Parameter NBR HNBR AFLAS (FEPM)
Max continuous operating temp ~108–120°C ~165–175°C ~200–230°C (250°C peak)
H₂S resistance Poor Good to very good Excellent
RGD resistance Poor Good (peroxide-cured) Good to very good
Amine/steam resistance Poor Limited Excellent
Oil resistance Good Good Moderate
Relative cost index (NBR = 1) 1 2–4× 5–10×
Primary intervention suitability Low-temp, non-sour workover Sour service, HPHT re-entries HPHT sour + amine/steam/brine

NBR HNBR AFLAS packer element material comparison table infographic

Temperature data sourced from MatWeb, ARLANXEO Therban documentation, and AGC AFLAS technical brochures. RGD and sour service qualification references: NORSOK M-710 and ISO 23936-2.


Understanding the Three Packer Element Materials

NBR (Nitrile Butadiene Rubber)

NBR is a copolymer of acrylonitrile (ACN) and butadiene, with ACN content ranging from 18% to 50%. Higher ACN content improves oil resistance and heat resistance but reduces low-temperature flexibility. That trade-off directly determines suitability for a given wellbore fluid environment.

For well intervention, NBR's advantages are straightforward:

  • Baseline cost (cost index of 1)
  • Tensile strength of 6.89–24.1 MPa depending on formulation and temperature
  • Reliable compatibility with oil-based workover fluids in moderate-temperature, lower-pressure environments

The limitations are equally clear.
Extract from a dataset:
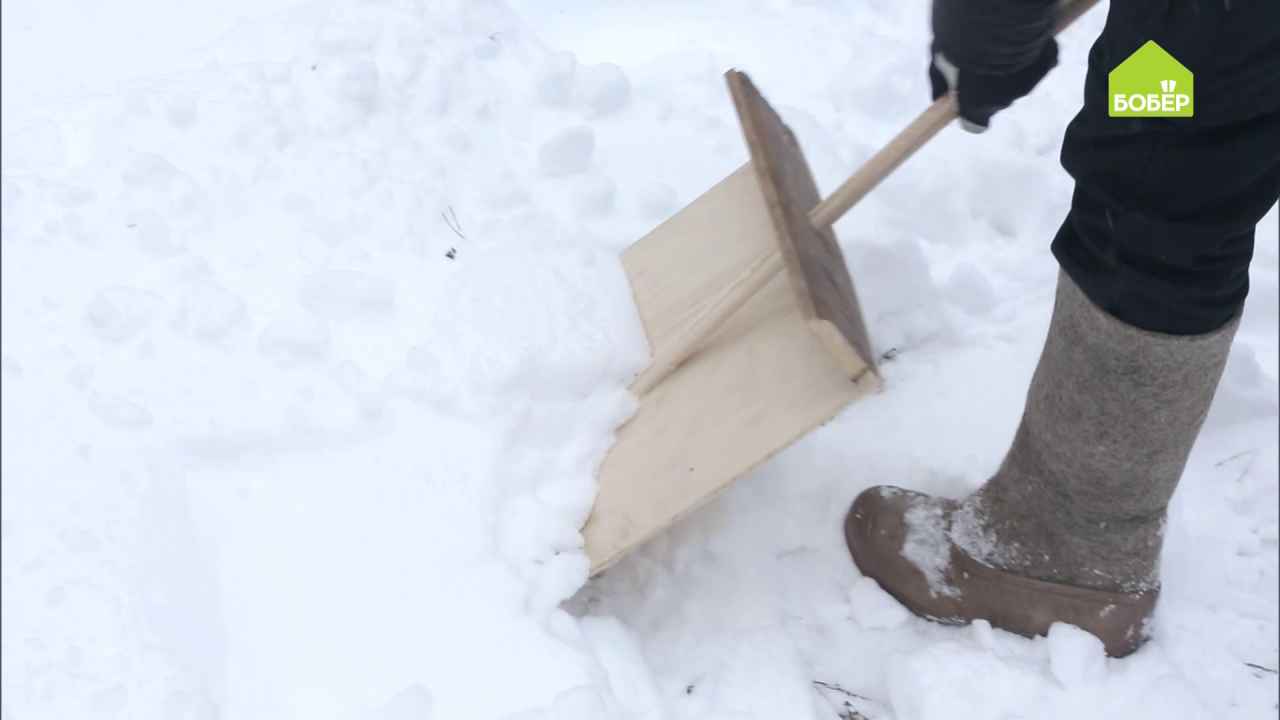 Лопата для снега своими руками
A 2022 study published in the Journal of Applied Polymer Science tested NBR and HNBR packer elements under sour conditions at 121°C, 52.5 MPa, and 5% H₂S—NBR specimens were significantly less resistant than HNBR across every measured parameter.

The unsaturated polymer backbone is the root cause. NBR is vulnerable to H₂S attack, ozone degradation, and thermal breakdown above roughly 120°C. RGD performance is a separate concern: gas permeating under high pressure expands rapidly during depressurization, producing internal blistering and cracking. Together, these characteristics disqualify NBR from most HPHT or sour service intervention scenarios.
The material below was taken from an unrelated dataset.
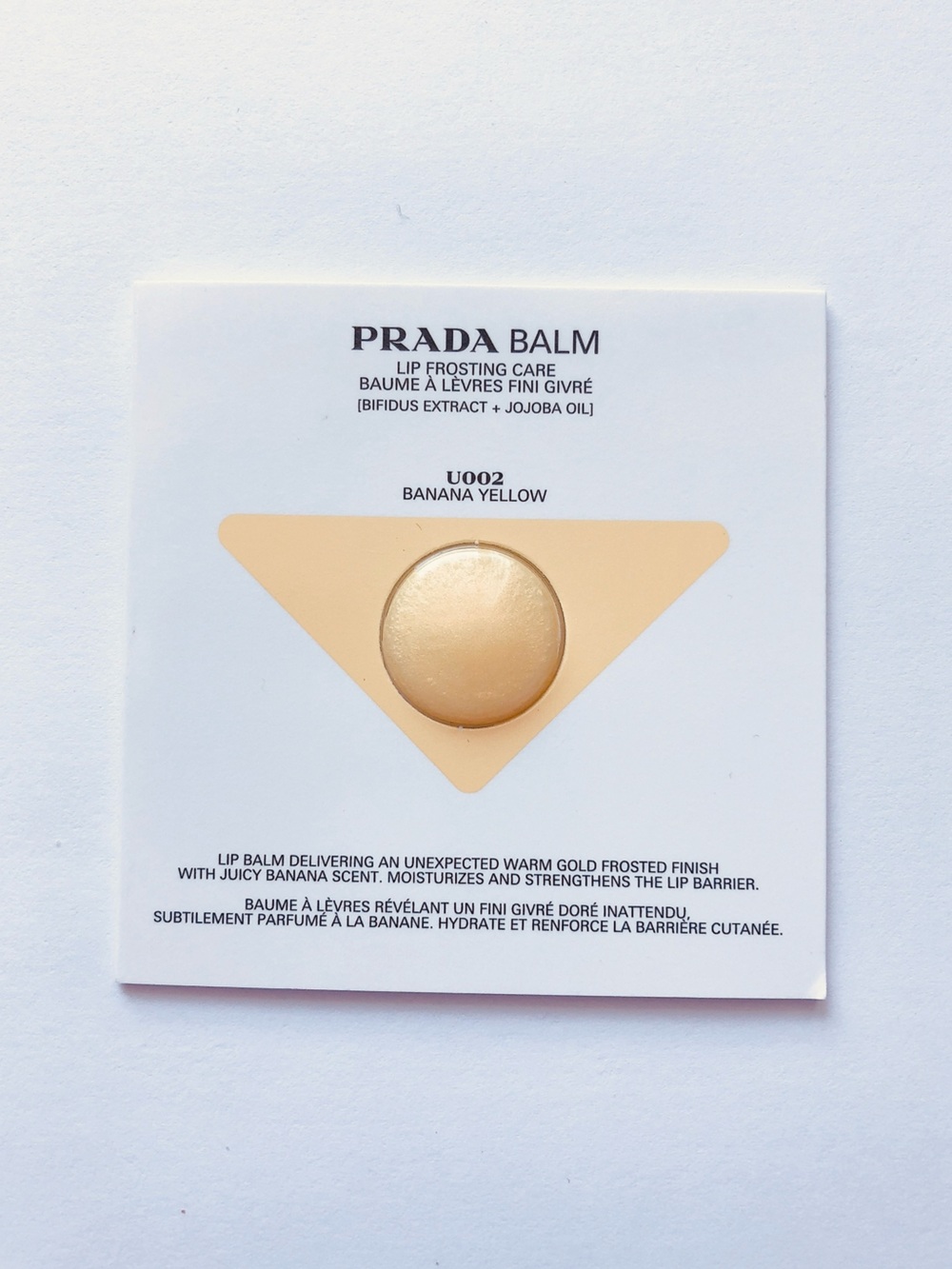 5/$25 Prada Balm lip frosting care lip balm banana yellow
HNBR (Hydrogenated Nitrile Butadiene Rubber)

HNBR starts as NBR, then undergoes selective hydrogenation of the butadiene segments, substantially reducing the C=C double bonds in the polymer backbone. That structural change produces a material that performs differently in downhole service across temperature, chemical resistance, and mechanical load.

Key performance data for well intervention:

  • Continuous service temperature: 165–175°C (ARLANXEO Therban data and ARDL downhole nitrile study)
  • Tensile strength: 15–38 MPa, mechanically superior to NBR and capable of handling higher differential pressure
  • Fewer RGD fractures than NBR in comparative testing
  • Qualified formulations available under NORSOK M-710, ISO 23936-2, and API 6A

Cure system matters. Peroxide-cured HNBR creates thermally stable C-C crosslinks that minimize compression set at operating temperature. ARLANXEO reports Therban compression set values of 20% after 70 hours at 150°C, a critical property for maintaining long-term sealing force across the intervention lifecycle. Sulfur-cured grades are not appropriate for HPHT packer applications.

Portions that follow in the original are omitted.